When it comes to this solution, it’s best to consult your vet before choosing any medication.
Natural home remedies
Because anxiety is a thing that can happen out of the blue, many owners have some natural home remedies that can help their pet deal with the problem right away.
The advantage with these is that they’re often easier and cheaper than the more “official” treatments. But this doesn’t mean they’re any less effective!
As with babies, it seems music has a calming effect on dogs as well. A study conducted by the University of Glasgow in 2017 shows that music decreases a dog’s restless and aggressive behavior.
However, they may still occasionally bark or show some signs of anxiety, but the music will keep them from pacing or running around. The study also revealed that reggae and soft rock yielded the best results.

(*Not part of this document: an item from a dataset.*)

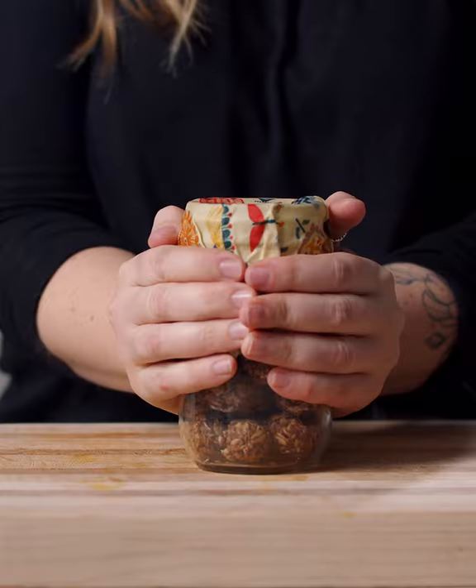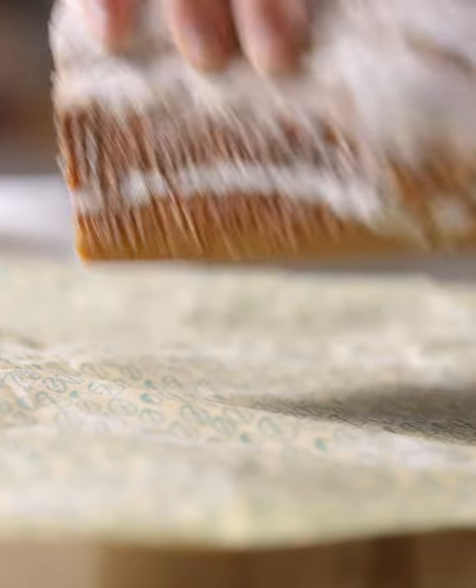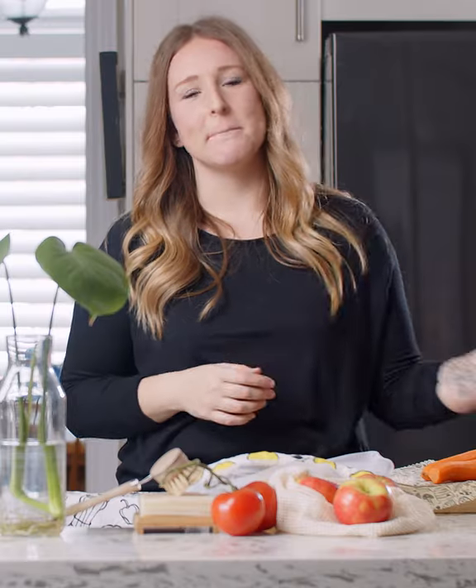Coming home from a grocery store and unpacking all my veggies, I know that these are not going to stay fresh and that doesn't fly with me. So I've come up with my own eco-friendly solution: beeswax food wraps. If you've been struggling to find an alternative to using all of that plastic in your kitchen, this can be your new best friend.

Because a dog’s sense of smell is very good, it makes sense that nice scents can soothe them. Mild sprays like lavender and chamomile can calm down anyone, but there are canine-specific scents best for treating dog anxiety.
Look for scent sprays that mimic canine pheromones, which are associated with mothers and nursing. It might just be what your dog needs.
Cannabidiol (CBD) oil
Many owners have tried CBD oil as anxiety treatment for dogs. Found in cannabis and hemp, it’s been useful for numerous health conditions in both dogs and humans.
It works by interacting with the central nervous system to balance functions like mood, sleep, and appetite. With just a few drops of this oil, serotonin can be increased, which soothes the nerves.
Basically, it acts like anti-anxiety meds, but is all natural. And although there’s no definitive data yet on the effectiveness of CBD oil on dogs with anxiety, there have been trials testing it as treatment for dogs with epilepsy.
Another thing to consider is that CBD products aren’t regulated, which means the purity and quality will vary from brand to brand. You’ll have to be sure you trust the brand of CBD oil you’re getting by doing some research.
Dogs are like humans in that anxiety is a real issue that has to be addressed. That’s why it’s important to educate oneself on the causes, symptoms, and necessary treatment methods.
Whether you decide on behavioral training or medication or CBD oil, the best way forward is to acknowledge your dog’s problem and help them deal with it. And of course, it’s always more helpful to consult the vet.